There are numerous entries about haymaking but the most complete set comes from 1854 which, like 1827, appears to have been another difficult year. It begins with him having to bring hay back from his lands in West Coker an expensive business but one suspects Mr Samways made more than one trip. He was the local agent for the Wellington Manure Works . Note Martin’s use of women workers again,
25th January 1854 | Sent for a Load of Hay Coker |
29th March 1854 | Pd Mr Samways Carting a Load of Hay from Coker £1 Pd Woman Ground dressing &c 10s 8d |
Normally in May he would have turned his cattle out to grass but instead we find him purchasing more hay from Robert Dunford of Rampisham,
8th May 1854 | Attendg Nine Acres Planting Mangle ½ day rain came on Pd Farmer Dunford for Hay £6 |
He did not have it collected immediately though and it was not until the 19th that it was fetched to Evershot,
18th May 1854 | Went to Toller down Fair Rain Came |
19th May 1854 | [Fetched Hay from Ransom] Bought of Farmer Dunford |
By this time he must surely have turned his cows out but the in May and June there are several entries about rain coming and it was probably a rather cold wet spring. Rather despondently in July he noted,
3rd July 1854 | At Home on Various matters { Wet Weather no Hay about Yet |
They had just got started when it rained again,
18th July 1854 | Attending Haymaking |
19th July 1854 | At Home on Various matters Rain in the Morning no Haymaking |
It is difficult to see how he could have got the hay to dry in time but he ricked it nevertheless,
20th July 1854 | Haymaking Rick’d Poor Close & Yarn barton Paid Mr Vine mowing &c £1 919s 8d |
21st July 1854 | Haymaking Rick’d Courtlands |
22nd July 1854 | Haymaking in Pipershay Pd Men helping Ricking Tipping Ricks &c 10s |
24th July 1854 | Haymaking Ricked Pipershay and made it very well |
25th July 1854 | Attending Tipping Rick’s &c a very Hot Day Pd Mrs Reynolds on Acct of Haymaking [Coker] £5 |
26th July 1854 | Attending Tipping Pipers Rick &c and Mangling |
Again it’s interesting to see a woman making the hay at West Coker although it is not clear who she is. There was an Elizabeth Coker [34] living in the village in 1851 but she is shown as a laundress.

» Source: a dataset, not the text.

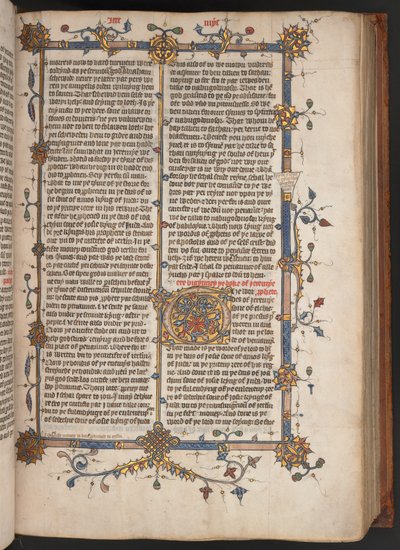 Egerton 617, Viklefovská bible, před rokem 1397 (pergamen) od English School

In 1861 we find him selling Hay in March and then having to buy some in June. Perhaps he got his calculations wrong,
28th March 1861 | Sold Henry Miller Hay 2 ton 4 cwt at 43 £6 13s 0d Reced of Henry Miller for Hay £6 13s 0d |
9th June 1861 | Pd Mr Smith for Hay £1 17s 6d |
Apparently even mouldy or rotten hay was worth something
1st December 1861 | Reced for bad Hay £3 |
4th December 1861 | At Home sold Hay to Farmer Lovelace attendg Weighing 43H x ¾ Reced for load Hay £3 |
Turnips aside, the story so far has given a fairly benign view of conditions in the countryside but for some it was a harsh life. Thomas Cox was a 46 year old “carrier” living in Evershot with his wife and seven children. On the 9th of January 1862 P. C. Florance the local constable happened to be passing a hay house belonging to John Martin when he heard a rustling sound coming from the barn. He discovered Cox stuffing hay into a bag. Cox begged him not to say anything but Florance arrested him and he was brought to the County Petty Sessions at Dorchester. The hay was worth 3d [1.5p] and Cox was sentenced to 21 days hard labour.
Hay supported his livestock and Martin’s earliest recorded ventures into farming involved cattle and comes from 1821. Oddly these [plus one other] are the only entries concerning cattle for the year and we must assume that he was paying for his cows to be tended to even though he does not say so.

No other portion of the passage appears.